__Work item__
Given the material below, output exactly the lines from the line with "FLUKE T5-600 ELECTRICAL" to the line with "ucyhy03005_volcom_blk_sd6", both ends included, and no other lines.

__Data extracts__
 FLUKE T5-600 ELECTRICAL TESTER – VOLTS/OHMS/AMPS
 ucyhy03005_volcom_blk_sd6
==
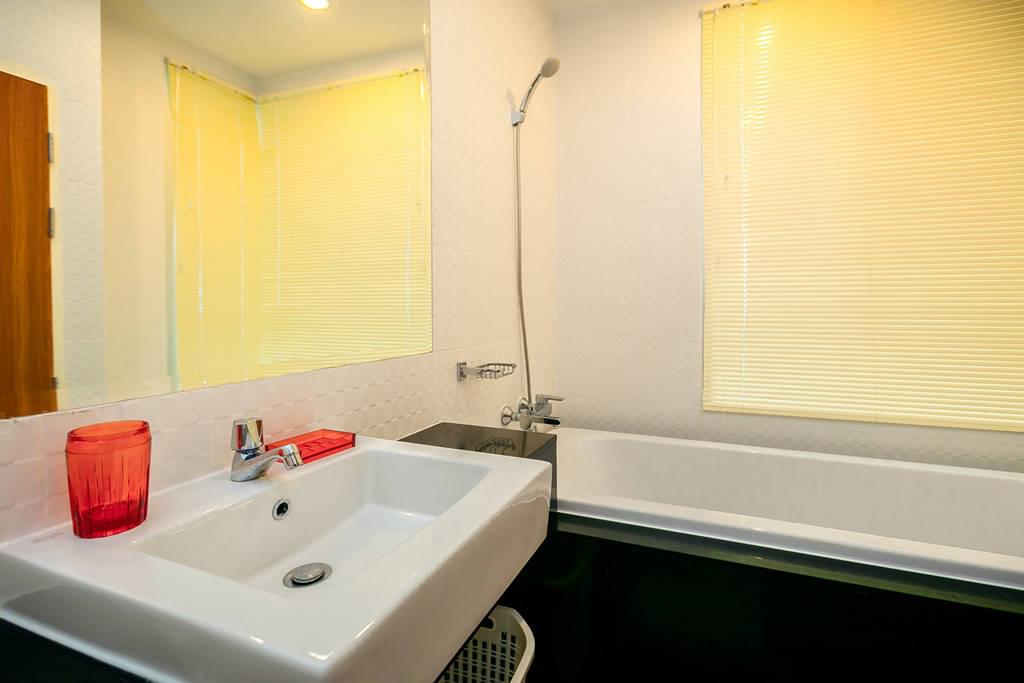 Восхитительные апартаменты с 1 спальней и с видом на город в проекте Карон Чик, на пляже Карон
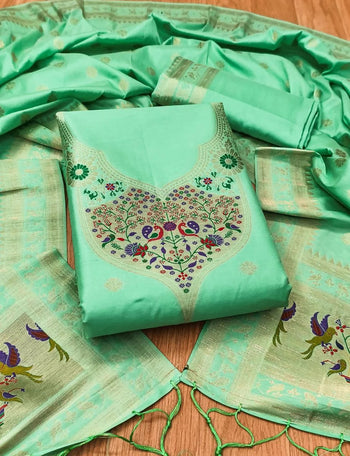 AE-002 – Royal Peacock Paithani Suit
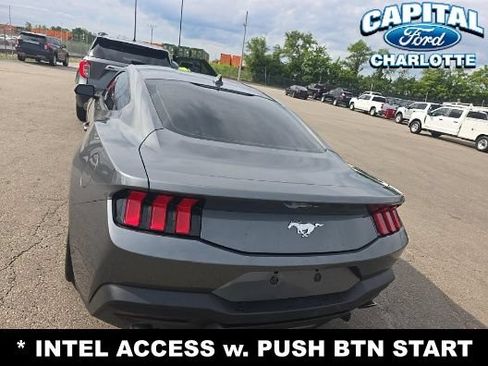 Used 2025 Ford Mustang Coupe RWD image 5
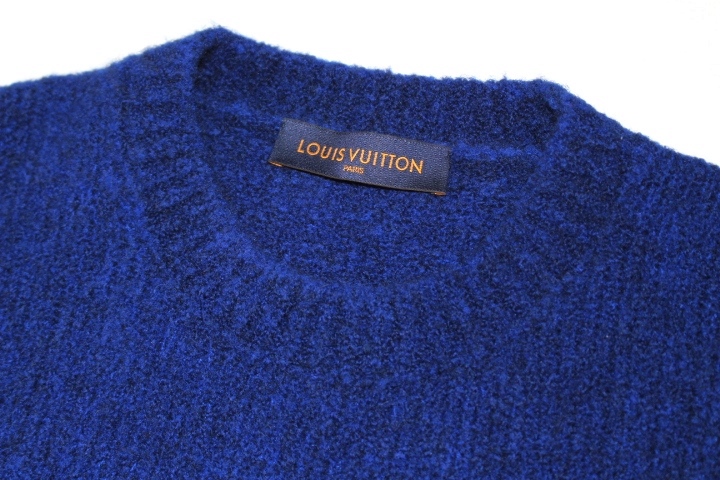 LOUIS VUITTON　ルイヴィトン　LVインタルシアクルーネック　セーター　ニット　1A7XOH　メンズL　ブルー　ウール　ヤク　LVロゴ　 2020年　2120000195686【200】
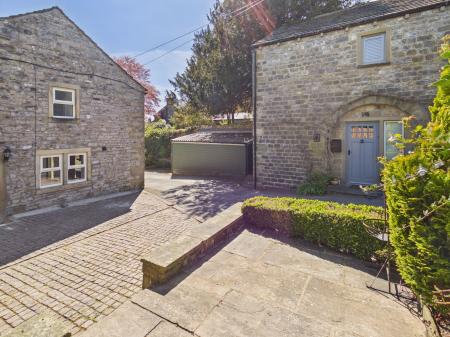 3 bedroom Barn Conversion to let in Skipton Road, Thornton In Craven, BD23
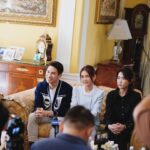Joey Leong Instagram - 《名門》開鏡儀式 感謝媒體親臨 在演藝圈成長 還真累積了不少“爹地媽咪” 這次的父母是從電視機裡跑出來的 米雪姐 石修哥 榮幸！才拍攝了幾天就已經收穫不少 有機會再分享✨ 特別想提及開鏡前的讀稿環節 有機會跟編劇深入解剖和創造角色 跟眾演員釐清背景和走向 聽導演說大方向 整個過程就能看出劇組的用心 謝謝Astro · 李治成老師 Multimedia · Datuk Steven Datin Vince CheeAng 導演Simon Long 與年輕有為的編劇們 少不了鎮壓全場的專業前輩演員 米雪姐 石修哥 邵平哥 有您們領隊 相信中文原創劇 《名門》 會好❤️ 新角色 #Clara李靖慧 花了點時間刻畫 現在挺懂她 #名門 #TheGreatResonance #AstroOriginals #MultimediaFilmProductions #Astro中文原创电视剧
---
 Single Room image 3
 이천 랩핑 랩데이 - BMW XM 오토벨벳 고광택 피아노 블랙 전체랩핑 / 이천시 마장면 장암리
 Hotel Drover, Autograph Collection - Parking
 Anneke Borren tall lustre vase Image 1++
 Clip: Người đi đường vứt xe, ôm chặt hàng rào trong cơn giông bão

__Answer box__
 FLUKE T5-600 ELECTRICAL TESTER – VOLTS/OHMS/AMPS
 ucyhy03005_volcom_blk_sd6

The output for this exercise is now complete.